* Work to complete *
Lines from the one containing "inestabilidad escapular" to the end of the records, both ends included and exactly as written, are the whole answer, and no pictures go in it.

***** Data excerpts

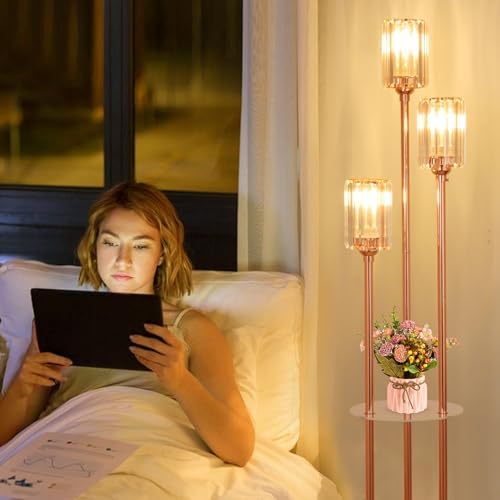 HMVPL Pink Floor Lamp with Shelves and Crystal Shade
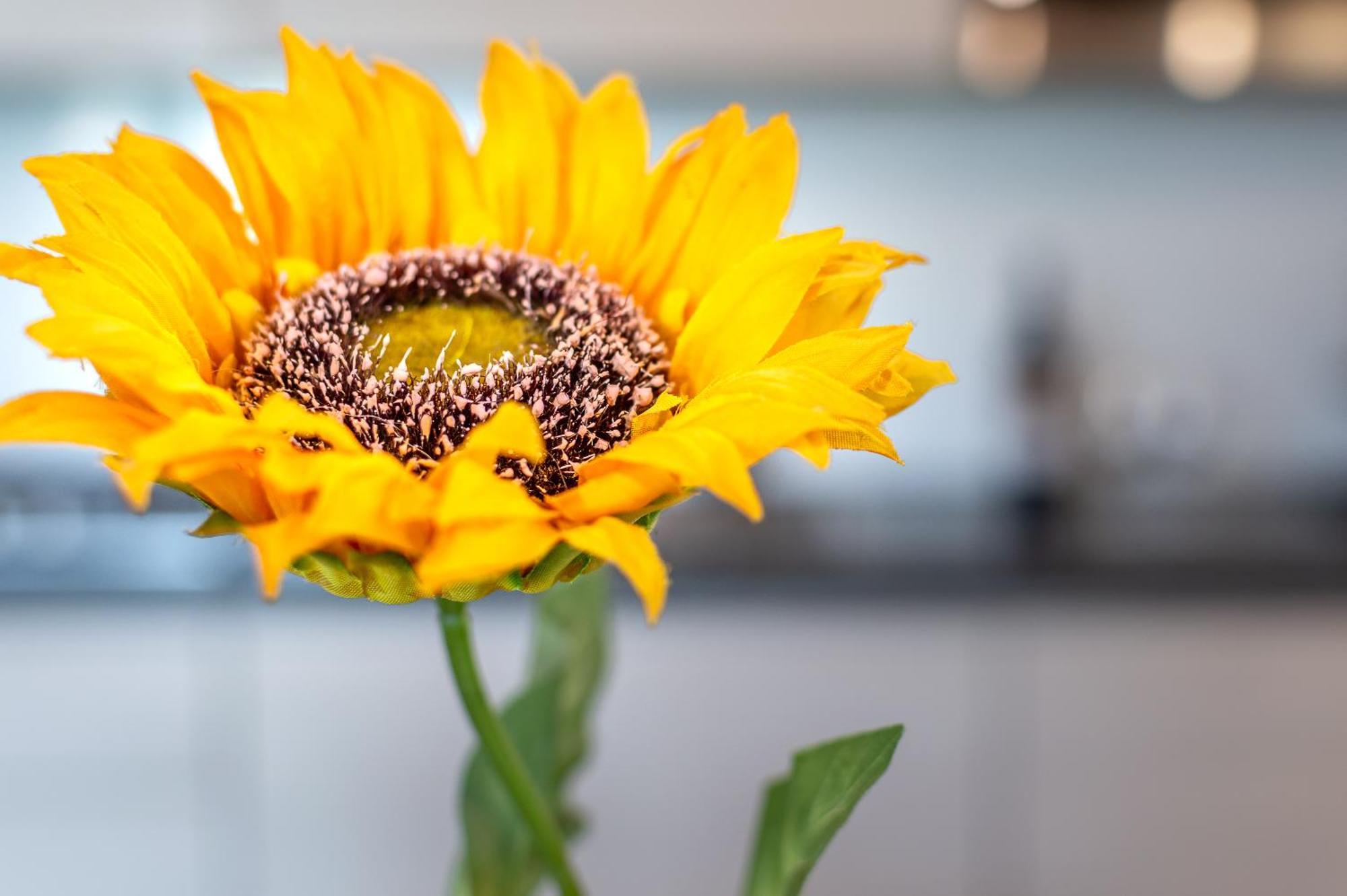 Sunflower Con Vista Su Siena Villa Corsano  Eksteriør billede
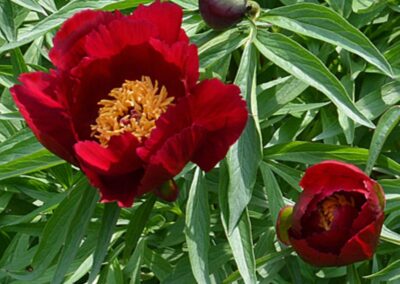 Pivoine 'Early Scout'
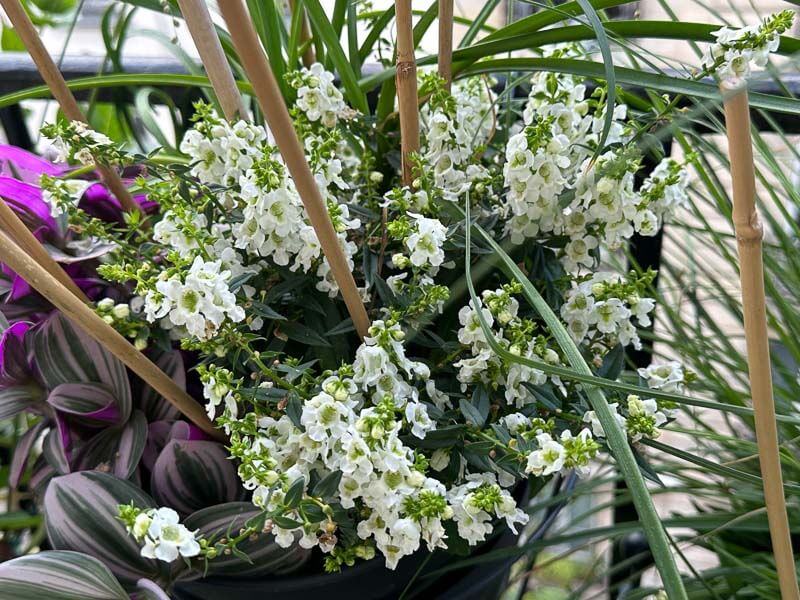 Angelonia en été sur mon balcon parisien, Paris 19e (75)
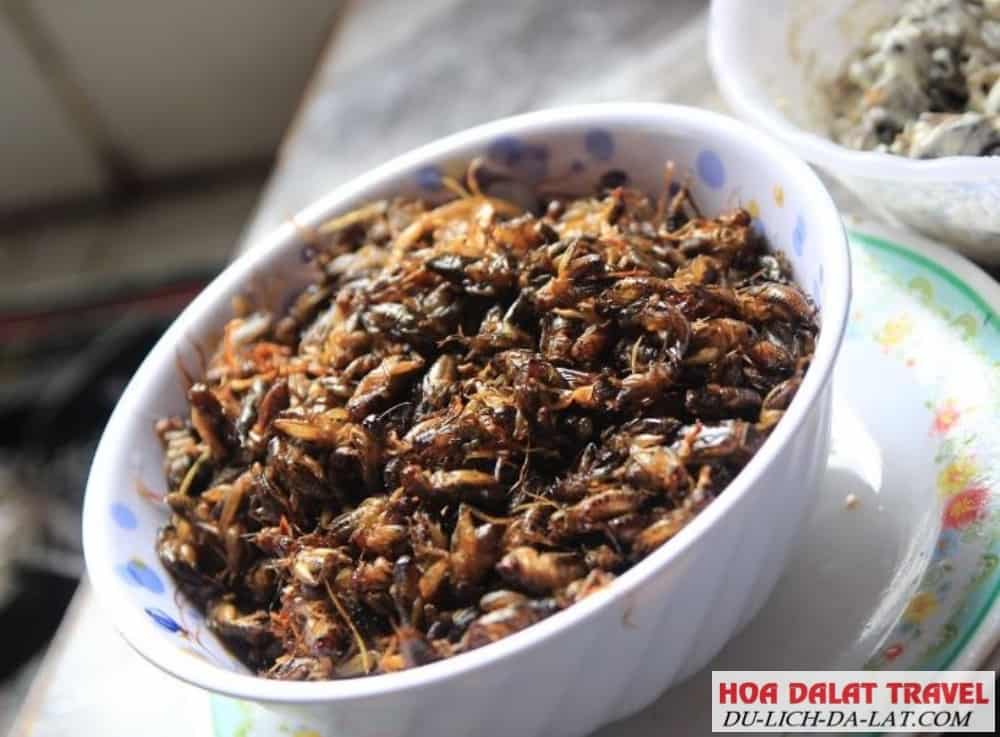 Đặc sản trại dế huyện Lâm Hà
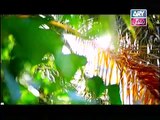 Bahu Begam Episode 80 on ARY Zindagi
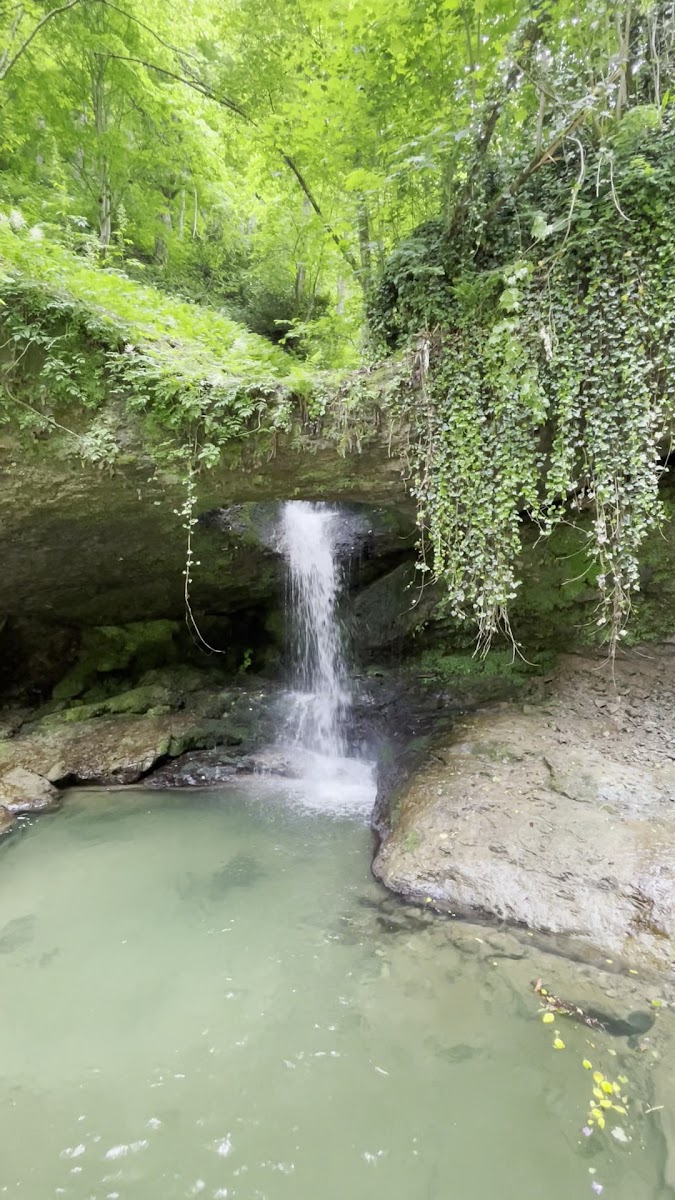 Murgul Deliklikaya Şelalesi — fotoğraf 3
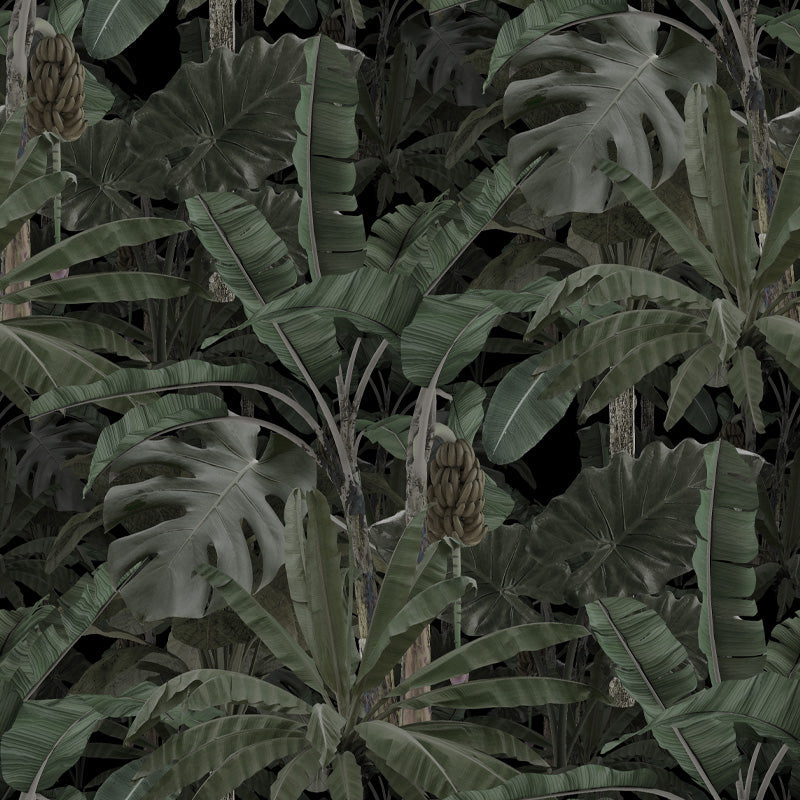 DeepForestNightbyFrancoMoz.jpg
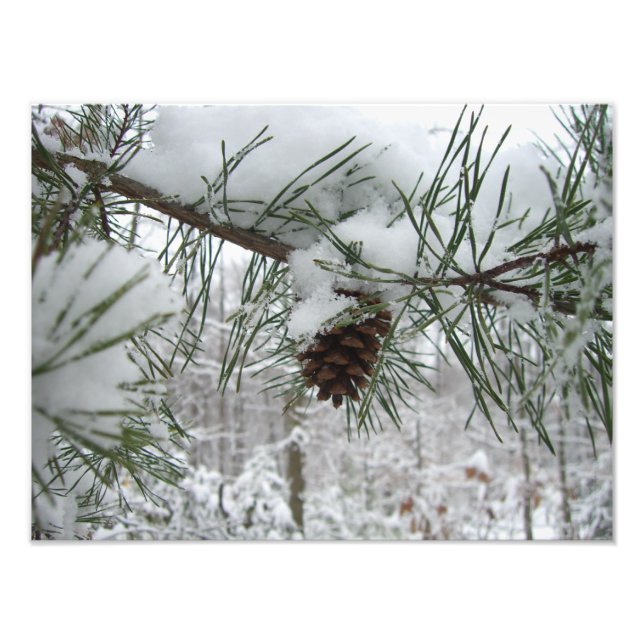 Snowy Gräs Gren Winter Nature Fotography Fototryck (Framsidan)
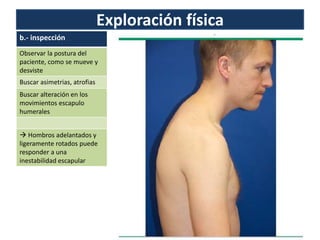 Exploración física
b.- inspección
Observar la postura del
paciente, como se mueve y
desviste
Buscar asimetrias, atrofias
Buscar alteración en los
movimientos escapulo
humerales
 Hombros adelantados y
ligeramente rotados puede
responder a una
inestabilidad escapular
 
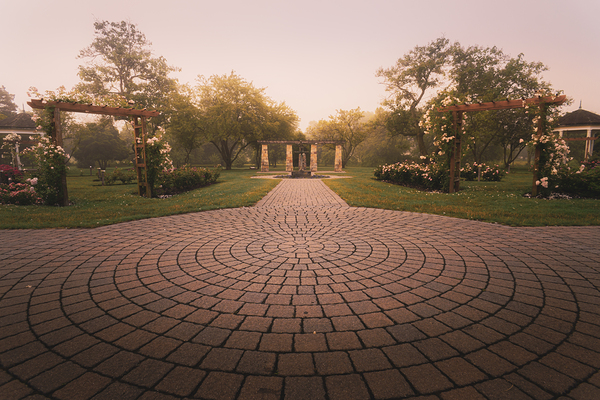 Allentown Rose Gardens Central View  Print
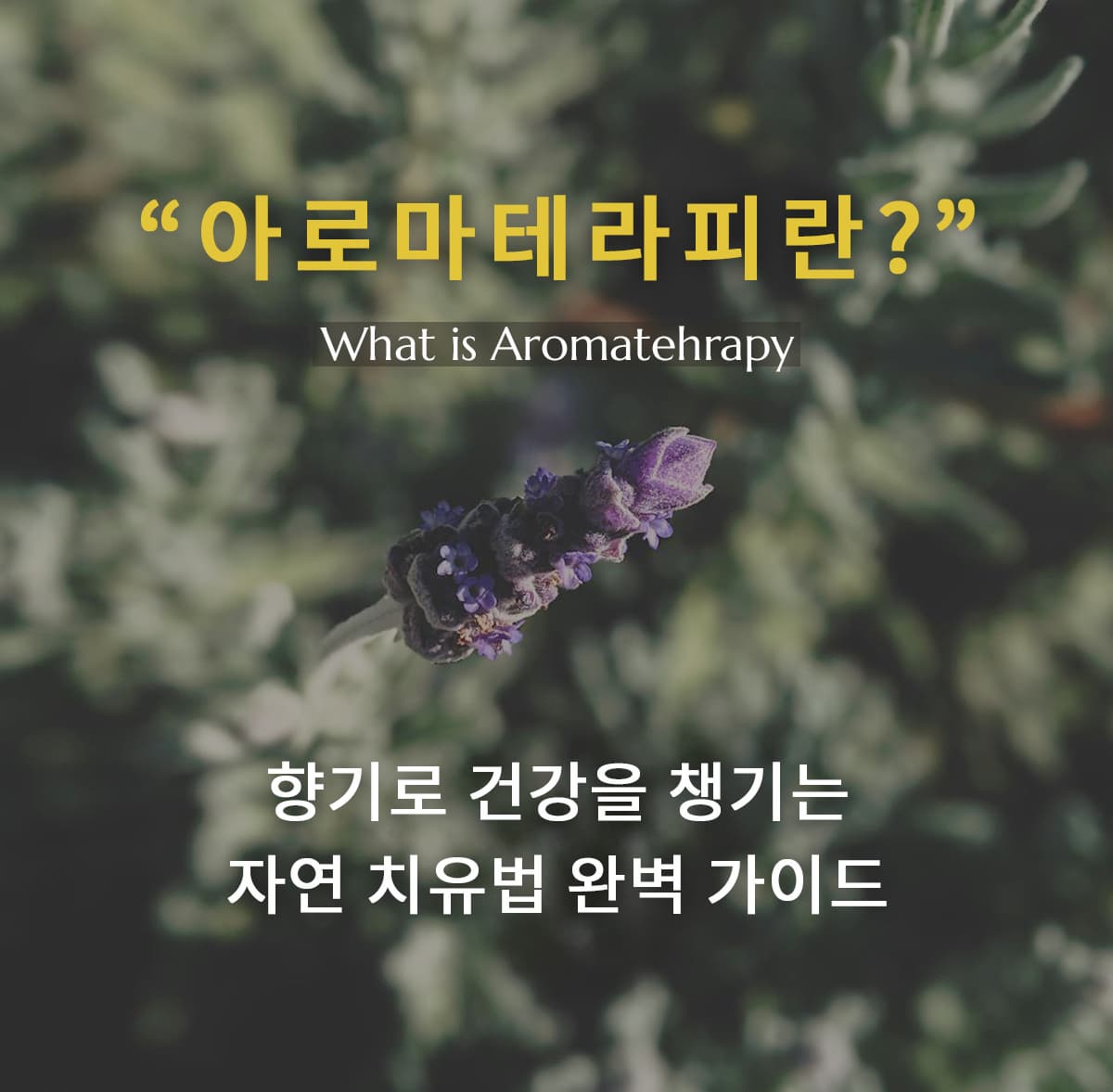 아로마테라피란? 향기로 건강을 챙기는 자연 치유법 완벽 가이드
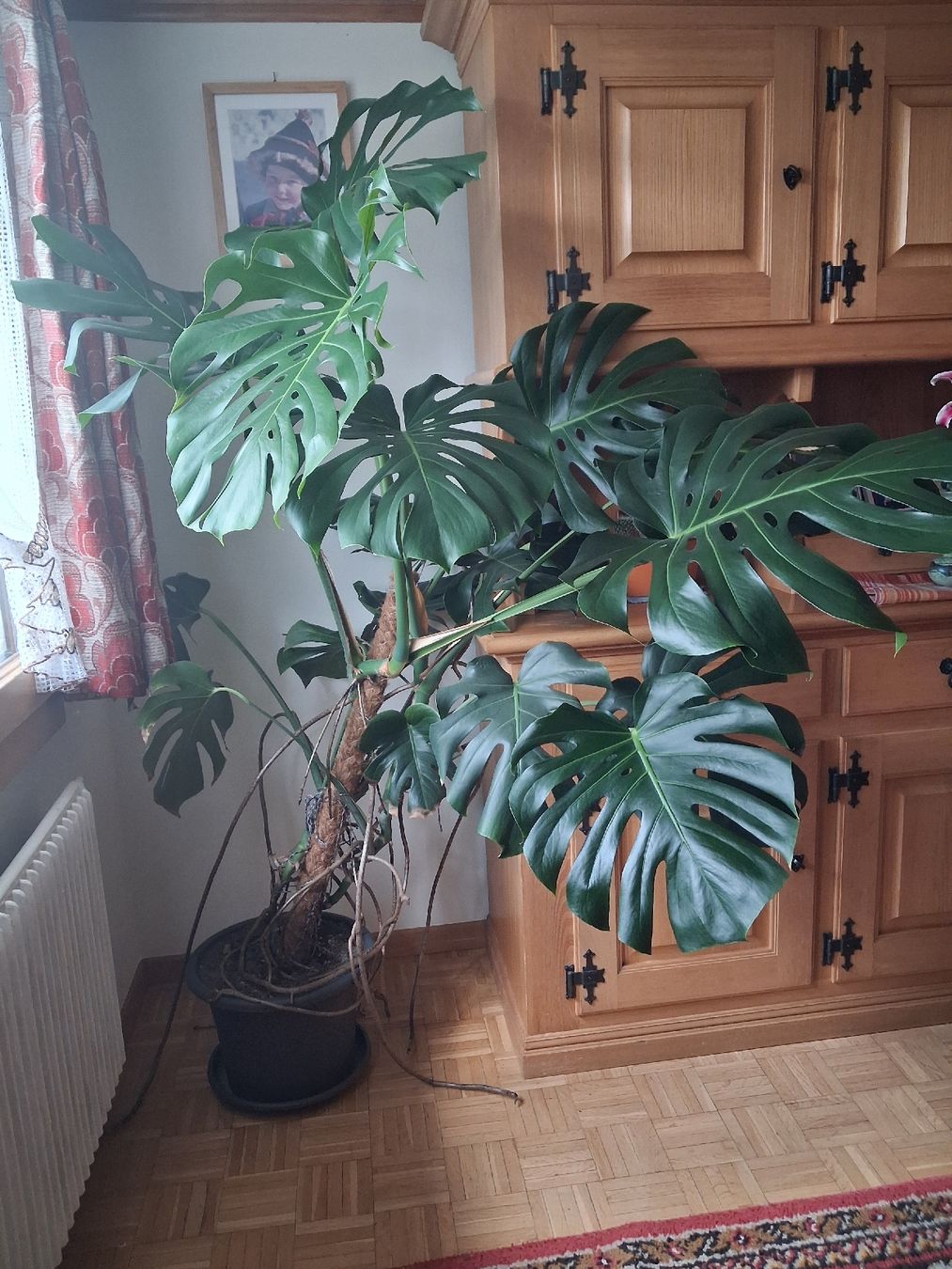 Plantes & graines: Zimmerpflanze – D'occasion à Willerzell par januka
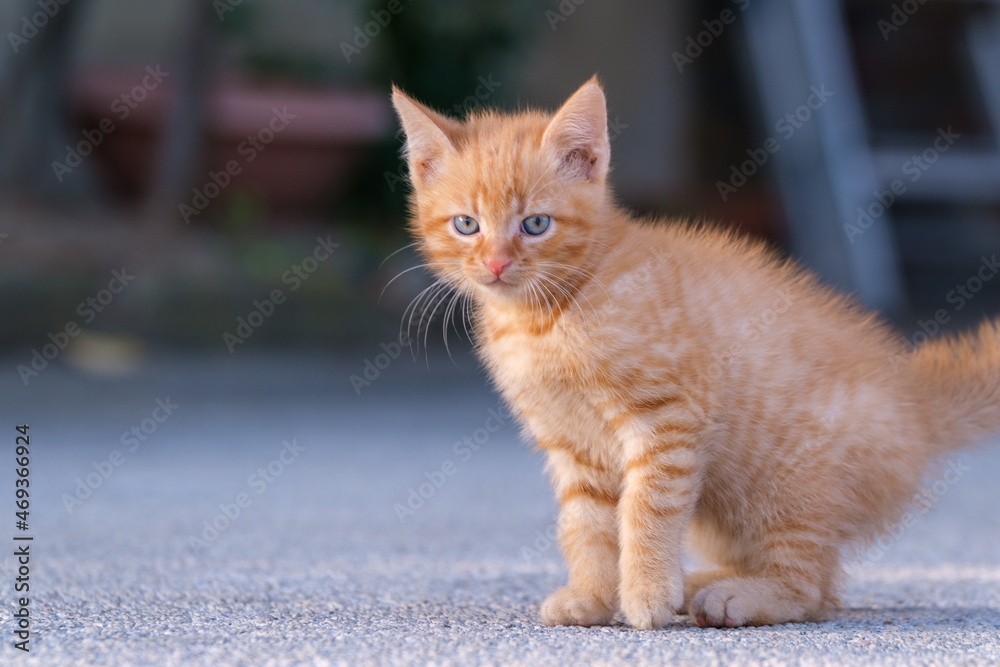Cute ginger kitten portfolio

**********

* Solved exercise *
inestabilidad escapular
 
 Allentown Rose Gardens Central View  Print
 아로마테라피란? 향기로 건강을 챙기는 자연 치유법 완벽 가이드
 Plantes & graines: Zimmerpflanze – D'occasion à Willerzell par januka
Cute ginger kitten portfolio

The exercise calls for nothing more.